• _PROBLEM STATEMENT_: Please set down exactly the lines from the one containing "Casamento ao pôr" through the last line of the records below, both included, with no pictures.

▬▬▬▬▬▬▬▬▬▬

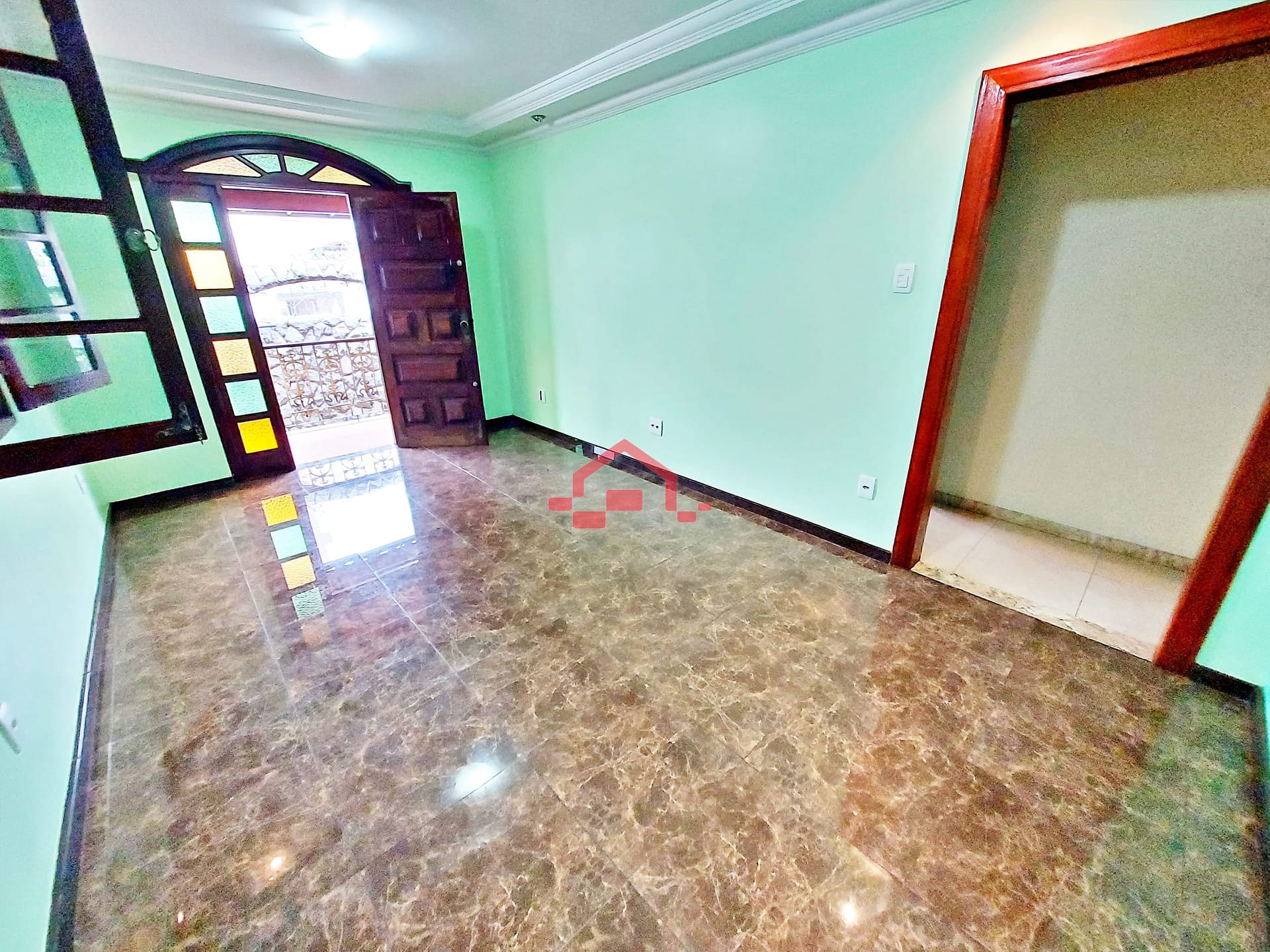 Casa para alugar com 3 quartos, 200m² - Foto 11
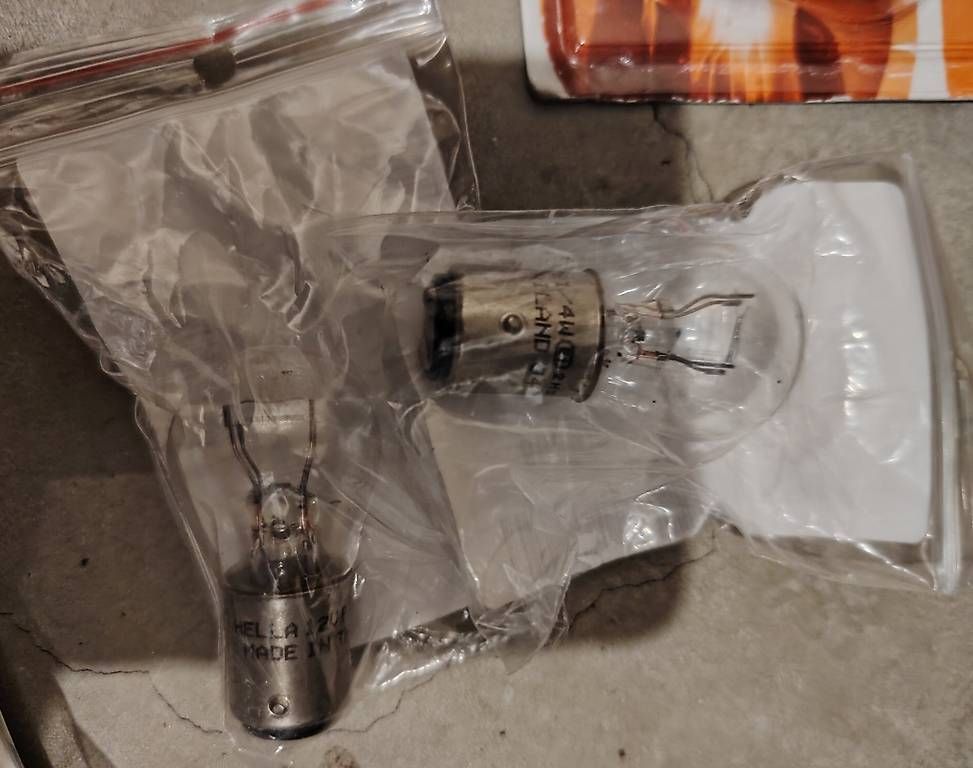 Phares: Blinkerbirne von Bosch, Osram, HellaP21/ 5 W oder 4W  – Neuf avec emballage d'origine à Balgach par ste_wqc7 2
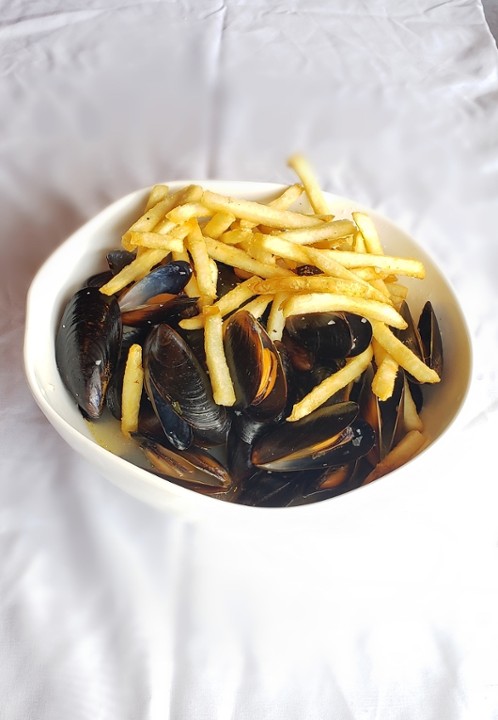 Mussels in a White Wine Sauce & Fries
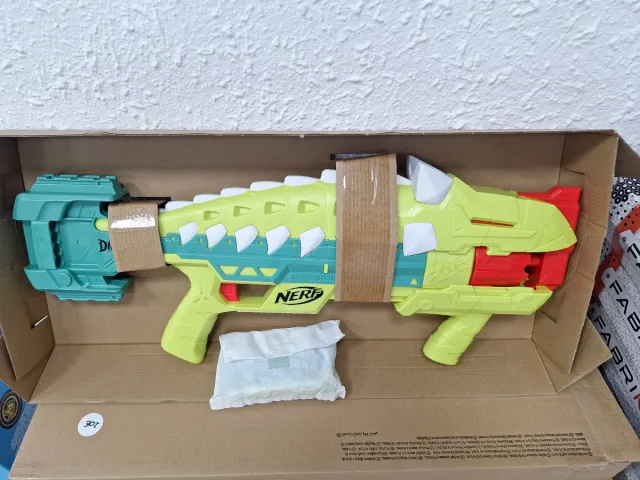 Pistola Nerf dinosaurio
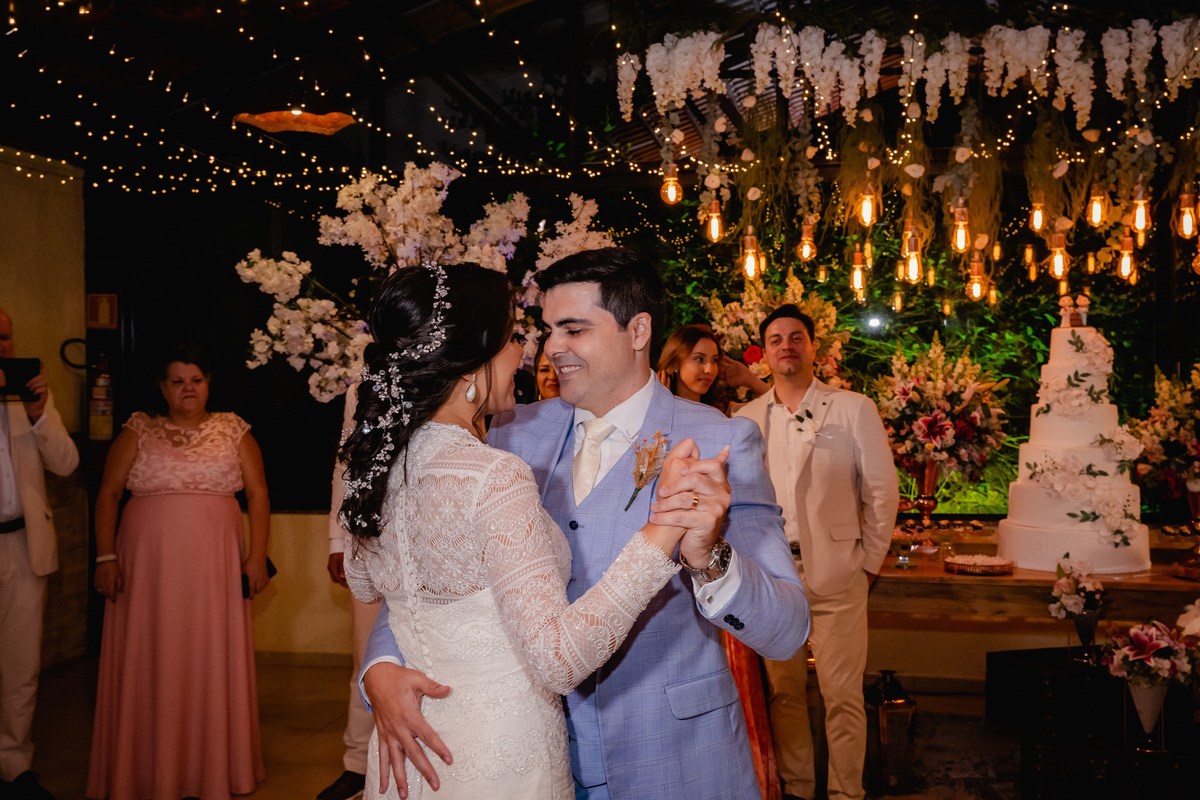 Casamento ao pôr do sol - Casamento de dia - Casamento - Cerimonia de casamento - Casal - Fotógrafo de casamento - Brasília-DF - Fotógrafo de casais - Noivo - Noiva - Vestido da noiva - Casamento inspiração - Fotógrafo Brasília - Festa-de-casamento 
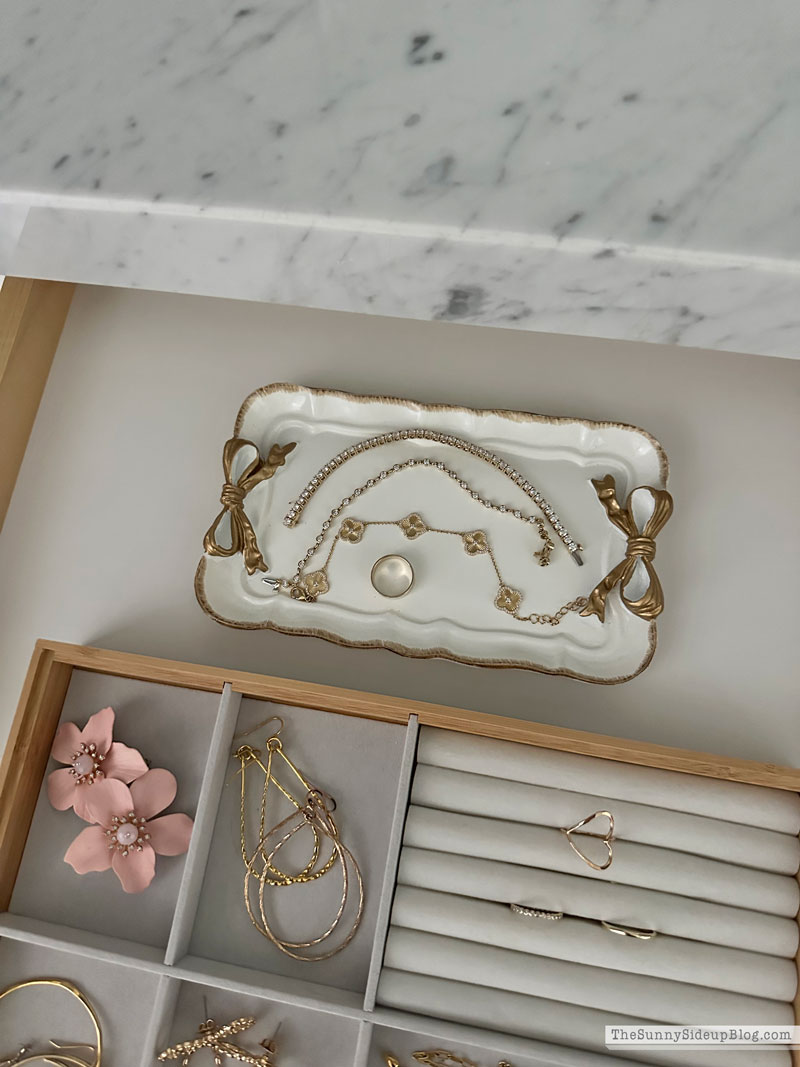 organized jewelry (Sunny Side Up)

▬▬▬▬▬▬▬▬▬▬

• _RESPONSE TO THIS EXERCISE_:
 Casamento ao pôr do sol - Casamento de dia - Casamento - Cerimonia de casamento - Casal - Fotógrafo de casamento - Brasília-DF - Fotógrafo de casais - Noivo - Noiva - Vestido da noiva - Casamento inspiração - Fotógrafo Brasília - Festa-de-casamento 
 organized jewelry (Sunny Side Up)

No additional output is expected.